I am not saying don’t buy, just be careful when you try to wash. Hand washing is probably the way to go. 

Bartering is alive and well.

Bartering is not my favorite activity. If this is your jam, you will love Morocco! You don’t just barter in the Medinas, you barter for everything. Taxis are one place I didn’t even think of having to do this, but you need to. They will always quote you a much higher price, unless they use the counter. Shoot for at least 10 dirhams under what they first say. As far as the Medinas, a local told me a good rule of thumb is most mark up their price at least 70%. Just don’t show your love for something, and shoot for the stars. The worst they can do is say no. 

Fez Morocco Medina

Alcohol is difficult to find.

Why I did not think about alcohol before I visited is a mystery to me. It makes total sense for a Muslim country to not have alcohol readily available. Duh! 

The more traditional places like Fes, you really had to seek out alcoholic beverages. It wasn’t impossible, just limited options. More progressive places like Marrakech had plenty of options, but were still hidden from the public. You had to go to the rooftop or through a curtain to have a drink. They shielded you from public view. The alcohol was also very pricey compared to other places. It was upwards of 5€ for 25 cL bottles of Heineken. Wine was even more pricey. 

Westerners are held to a different standard.

One of my biggest concerns before visiting Morocco was what to wear. I know Muslim women are usually very covered. I knew I didn’t have to do the same, but I didn’t want to be too revealing. What I learned is that it really doesn’t matter for Westerners. They do not hold us to the same standard, unless you are visiting a Mosque. In that case, cover your shoulders, elbows and knees. 

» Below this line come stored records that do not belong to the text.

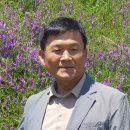 김일태 - 염화의 미소 외 이미지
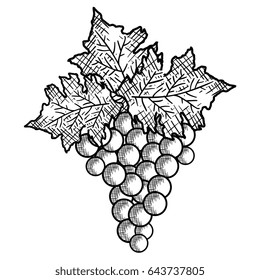 wine grapes isolated icon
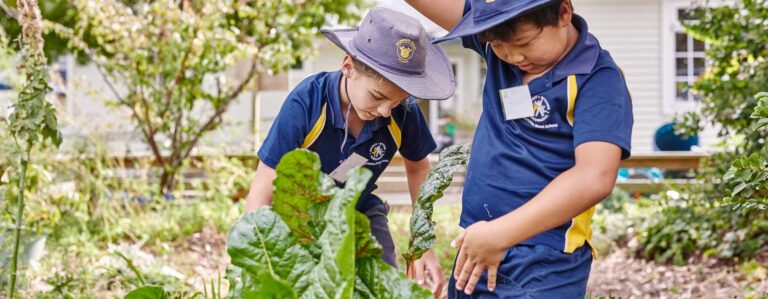 From Garden to Plate: Cultivating Young Minds and Healthy Eating
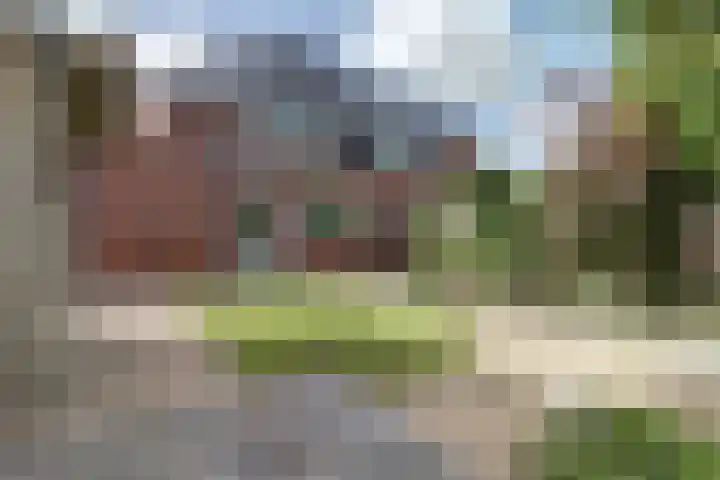 Het Eiland 29 Wervershoof thumbnail 29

I did not get any crazy stares or feel uncomfortable for the most part. There were a few times men said inappropriate things to me, but the nature of what was said made me feel like it would have been said no matter what I wore. Me being American was the biggest thing that made me stand out. Overall, I feel anything goes, as long are your parts are not out dangling for everyone to see. 

Fes Royal Palace

There is beauty in being uncomfortable.

Before I left from Spain to head into Morocco, I seriously contemplated getting a guide and a driver for my travels. The little bit I knew was that my trip would be easier with someone who knew how to navigate the country. I decided against it in the long run. 

I definitely see the value in tour guides. Their job is to take all the uncomfortable parts out of travel. They communicate, delegate and direct you to the absolute best experiences. Maybe one day I will come back and do this. 

For this trip, I wanted to truly experience the culture. I kind of wanted to make the mistakes, to learn through those mistakes. I saw the nitty gritty. I felt the struggle. I was forced to learn about the culture in a way I would not have, had someone been there to show me all the right moves. There is beauty and learning in being uncomfortable in a new culture. I wouldn’t have changed it for anything. 

Selfie in Morocco

One last thing! Chefchaouen is just as beautiful as the pictures!

You can see most of it within one day, though. So, keep this in mind while planning.